思路:第一步,将链表一分为二,用到快慢指针;第二步,反转第二部分,反转链表是很重要的根基;第三步,将两链表接起来。(这种题目要注意讨论奇数偶数的情况,注意两个都检验一遍)
- /**
- * Definition for singly-linked list.
- * struct ListNode {
- * int val;
- * ListNode *next;
- * ListNode(int x) : val(x), next(NULL) {}
- * };
- */
- class Solution {
- public:
- void reorderList(ListNode* head) {
- ListNode* slow = head,*fast = head,*mid,*temp;
- if(head == NULL || head->next == NULL || head->next->next == NULL) return;
-
- while(fast->next != NULL && fast->next->next != NULL){
- slow = slow->next;
- fast = fast->next->next;
- }
- // 头插法逆置后半段,这里mid最开始确实为终点,后来就不是了,实际中点为slow->next,mid是个遍历指针
- mid = slow->next;
- temp = mid->next;
- while(temp){
- mid->next = temp->next;
- temp->next = slow->next;
- slow->next = temp;
- temp = mid->next;
- }
-
- mid = slow->next;
- temp = head;
- // mid是奇数情况,temp->next != mid是偶数情况的终止条件
- while(mid && temp->next != mid){
- slow->next = mid->next;
- mid->next = temp->next;
- temp->next = mid;
- temp = mid->next;
- mid = slow->next;
- }
- }
- };
Given a linked list, determine if it has a cycle in it.

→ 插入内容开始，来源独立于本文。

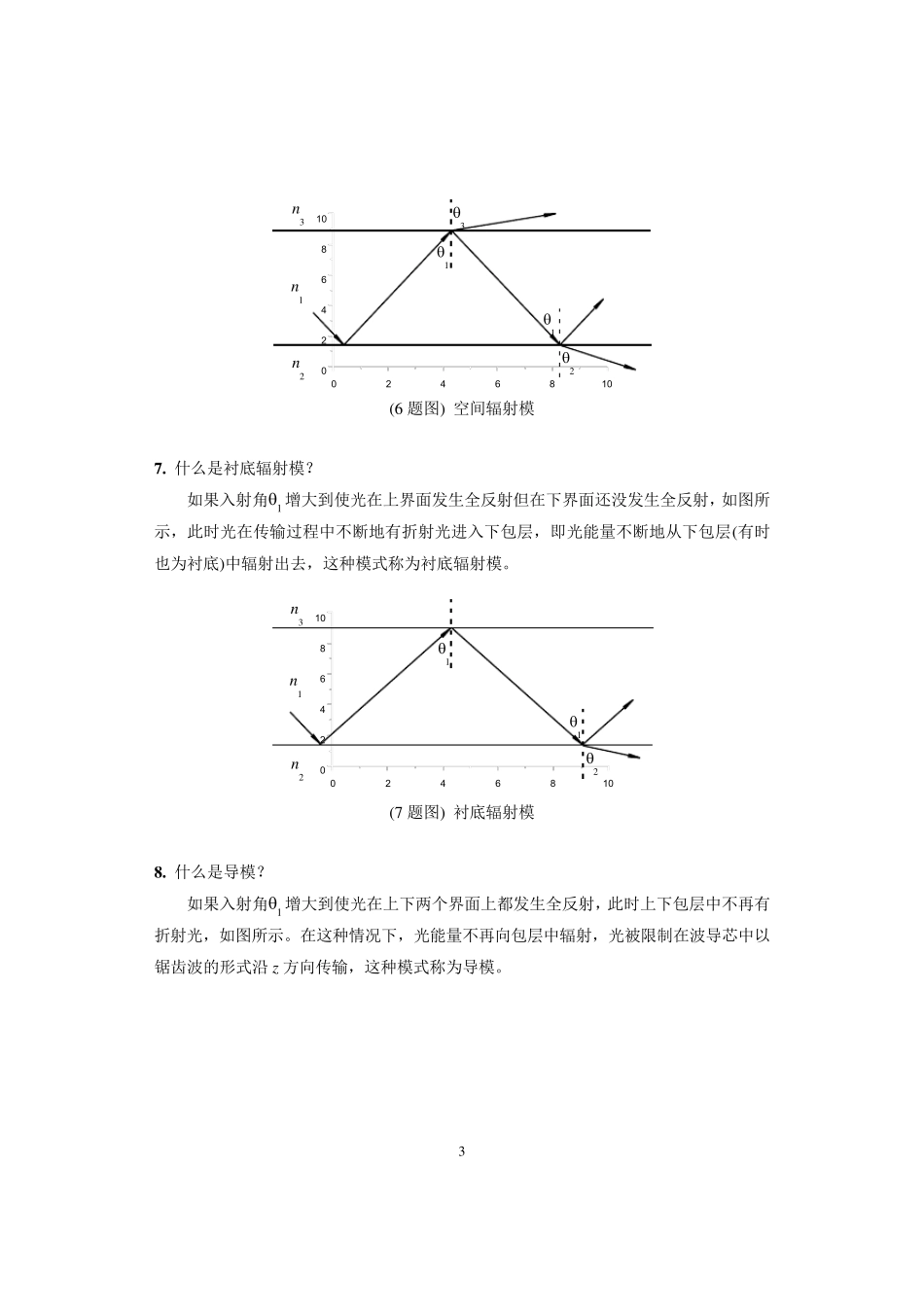 第1章波导的模式_第3页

To represent a cycle in the given linked list, we use an integer pos
which represents the position (0-indexed) in the linked list where tail connects to. If pos
is -1
, then there is no cycle in the linked list.
Example 1:
- Input: head = [3,2,0,-4], pos = 1
- Output: true
- Explanation: There is a cycle in the linked list, where tail connects to the second node.
思路:快慢指针经典题(所有类型的分析:https://www.cnblogs.com/hiddenfox/p/3408931.html)

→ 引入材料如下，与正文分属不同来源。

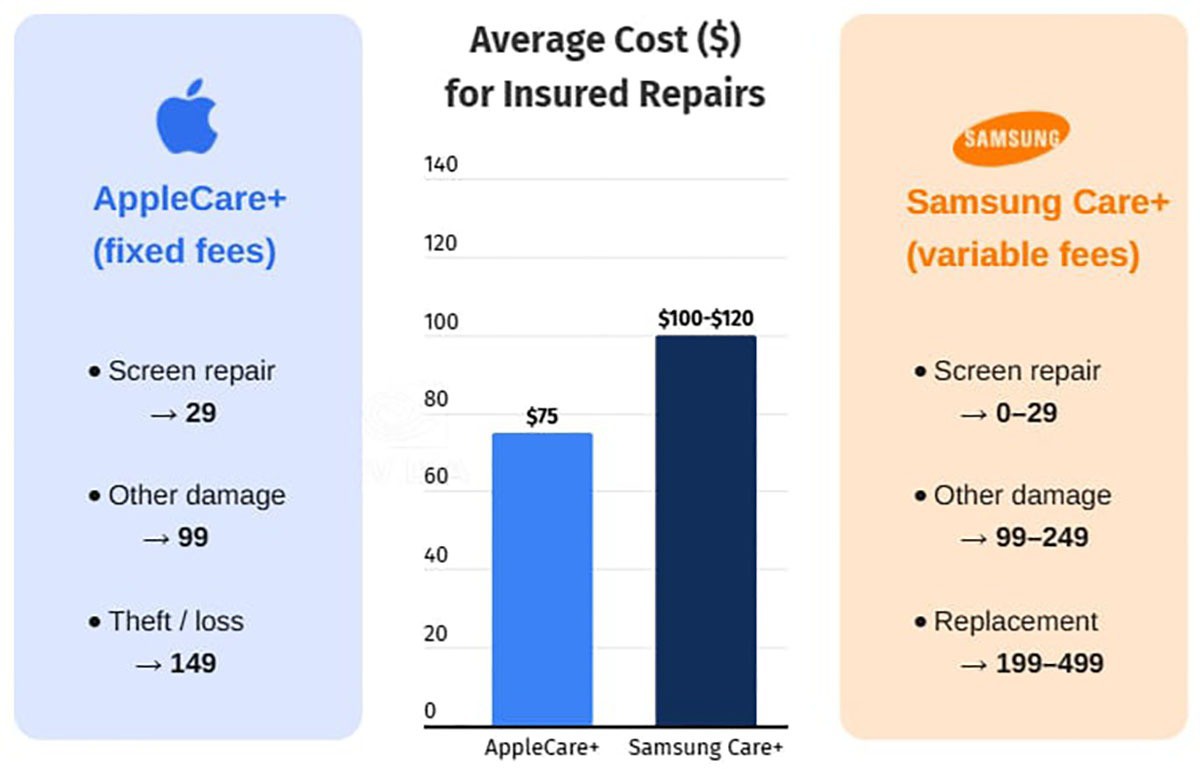 Chi phí sửa chữa điện thoại Samsung đắt hơn Apple tới 60% - 1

(没细看,也可以看看:http://www.cnblogs.com/wuyuegb2312/p/3183214.html)
设两个指针,一个每次走一步的慢指针和一个每次走两步的快指针,如果链表里有环的话,两个指针最终肯定会相遇。(为什么有环的情况下二者一定会相遇呢?因为fast先进入环,在slow进入之后,如果把slow看作在前面,fast在后面每次循环都向slow靠近1,所以一定会相遇,而不会出现fast直接跳过slow的情况)
- /**
- * Definition for singly-linked list.
- * struct ListNode {
- * int val;
- * ListNode *next;
- * ListNode(int x) : val(x), next(NULL) {}
- * };
- */
- class Solution {
- public:
- bool hasCycle(ListNode *head) {
- if(head == NULL || head->next == NULL) return false;
-
- ListNode *slow = head,*fast = head;
- while(fast && fast->next){
- slow = slow->next;
- fast = fast->next->next;
- if(slow == fast) return true;
- }
- return false;
- }
- };
找到环的起始点
首先我们看下面这张图:
设:链表头是X,环的第一个节点是Y,slow和fast第一次的交点是Z。各段的长度分别是a,b,c
第一次相遇时slow走过的距离:a+b,fast走过的距离:a+b+c+b。
因为fast的速度是slow的两倍,所以fast走的距离是slow的两倍,第一次相遇之前,fast可能已经绕了好几圈,有 2(a + b) = a + b + n(b+c) ==> a = (n-1)(b+c) + c , where n>=1(这个结论很重要!)。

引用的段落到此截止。